La Périchole (Stéphanie d'Oustrac) présentée à la cour C) Stefan Brion

Une Périchole d'Offenbach joyeuse et colorée, portée par une Stéphanie d'Oustrac très grande dame et le Piquillo touchant de Philippe Talbot: c'est, dans une mise en scène de Valérie Lesort (complice, souvent, de Christian Hecq pour des créations farfelues et poétiques), le nouveau spectacle de l'Opéra-Comique, accueilli par un public enthousiaste. Cela ne nous empêchera pas, malgré le plaisir qu'on y a pris, d'émettre certaines réserves...

"Chienne d'indigène!"

Elle a existé, cette Périchole. Elle s'appelait Micaëla Villegas, elle était vraiment péruvienne, elle mourut en 1819 à 71 ans, deux ans avant l'indépendance de son pays (et de toute l'Amérique Latine) par le couple Bolivar-San Martin. Le vice-roi du Pérou, qui était un chaud lapin comme Offenbach nous le raconte, la repéra, voulut en faire sa maîtresse mais... On ignore ce qui se passa réellement entre eux, une gifle sans doute de l'une à l'autre et l'on entendit le vice-roi furieux crier: "Perra chola!" ce qui signifiait "Chienne d'indigène". De "Perra chola" à "Périchole", il n'y eut qu'un pas -Si Micaëla Villegas avait gardé sa vertu, elle avait perdu son nom, écrivait Robert de Flers dans Le Figaro en 1920. Cela ne l'empêcha pas de faire carrière et aussi... de revenir quelque peu sur sa décision, ce qui favorisa sa fortune.

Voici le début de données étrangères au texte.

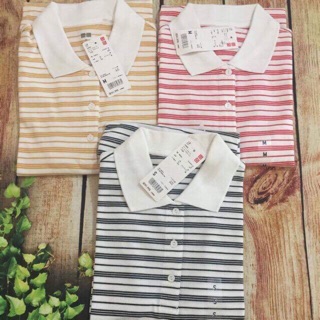 Áo polo Uniqlo auth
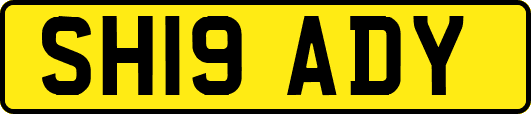 SH19ADY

Le vice-roi (Tassis Christoyannis) et la Périchole (Stéphanie d'Oustrac) C) Stefan Brion

Le désespoir social

Avant d'être incarnée par Hortense Schneider pour Offenbach, La Périchole fut l'héroïne d'une pièce fameuse de Prosper Mérimée, Le carrosse du Saint-Sacrement dont Jean Renoir tirera un film avec Anna Magnani, Le Carrosse d'or. C'est dire que La Périchole n'était pas une inconnue quand Offenbach et ses librettistes, les fidèles Meilhac et Halévy, s'en emparèrent. Pourtant, après tant de succès parfois faussement burlesques, d'Orphée aux Enfers en Vie parisienne, de Belle Hélène en Grande-Duchesse de Gerolstein, cette Périchole, qui sera le dernier chef-d'oeuvre avant la chute du Second Empire, n'aura qu'un demi-succès. On comprend qu'elle déroutât un peu le public par sa situation de départ, fort peu joyeuse, qui est presque le constat d'une société partagée entre les miséreux et les nantis, avec toutes ses conséquences, le désespoir des uns, l'égoïsme des autres, ce qui est le ferment des révolutions.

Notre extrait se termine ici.